# Help with SETUP!



## thinkgreen (Apr 2, 2004)

29 gal, 60 watts, 1 inch flourite gravel and 1 inch reg gravel, diy co2 (trying it out) :twisted:

*plants*.. have ferns.. its growing.. but rest of the plants arent, theyre turning yellow.. dunno what theyre name is.. and they all have roots.. been adding plant gro too to supplement the plants.. my tank is at least 3 months old.. 
*
fishes*..i have 2 albino cats, and a stingray pleco.. 

whats wrong with my set up? plus theres not much plants to choose from in the lfs..


----------



## thinkgreen (Apr 2, 2004)

HELP PLS... DYING PLANTS IN NEED.. OF SOMTHING?

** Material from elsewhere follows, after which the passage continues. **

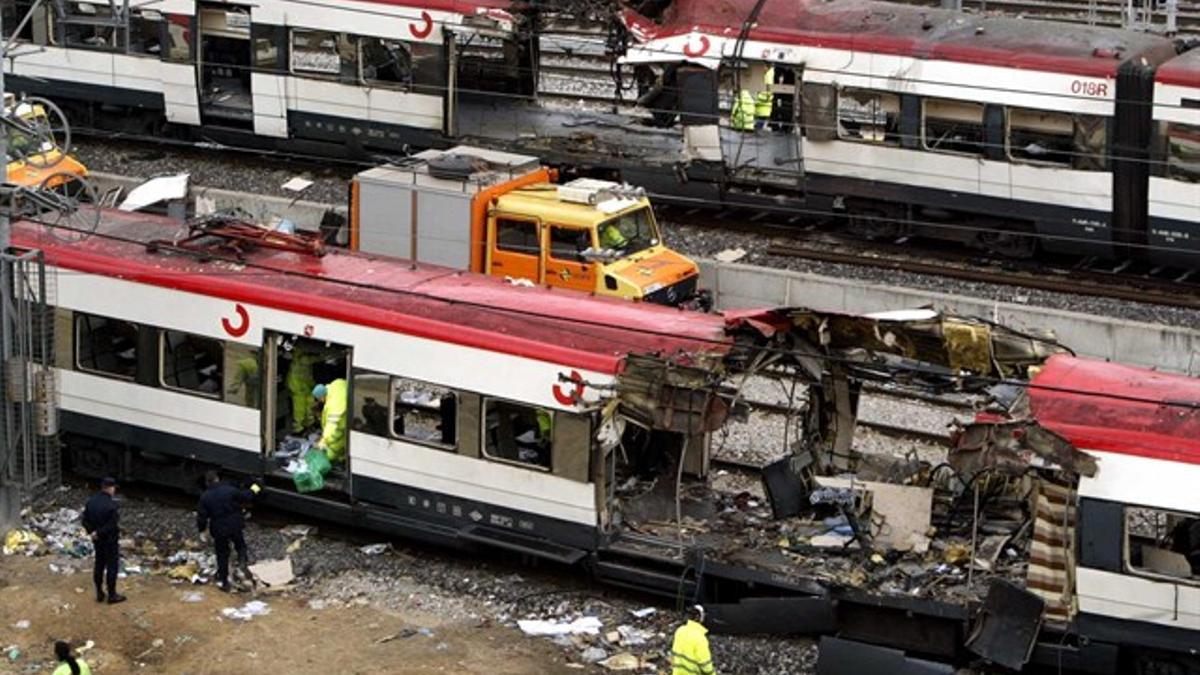Estado en el que quedaron dos de los trenes que explosionaron los terroristas islámicos en Madrid, el 11 de marzo de 2004.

btw, the lights are NO flourescents..


----------



## mm12463 (Mar 5, 2004)

Do you know your other water parameters like ph, kh and gh? 

You have a lower light tank at 2 watts per gallon but you should be able to grow a bunch of different things. Try looking at plantgeek.net in the plant profiles section and see if you can figure out what plants you have. That will help along with the parameters. 

Without that info its a bit hard to give some advice since it can me a bunch of different things.

The only fish you have that might be a problem is the pleco and you would see bit marks on the plants. Anyway see what other info you can find on the plants you have.


----------



## thinkgreen (Apr 2, 2004)

*thx for replying*

ph is 7 the rest i dont know..

plant geeks.. ok thanks..

the problem is my lfs around the area dont sell much plants.. 
so im pretty much constricted with my choices of plants.. =(

my substrated should be ok though? <== i thought this was the problem.. since i mix my subs.. what do you think?


----------



## mm12463 (Mar 5, 2004)

I believe your substrate should be fine. It is providing some nutrients and that is the idea. pH of 7 is good. You might think about getting a gh and kh test kit or going to your local fish store with some water from your source and see if they will test it for you. Some places will do this.

Try to figure out your plants and let us know. Think of it as a puzzle and we're going to try and solve it.


----------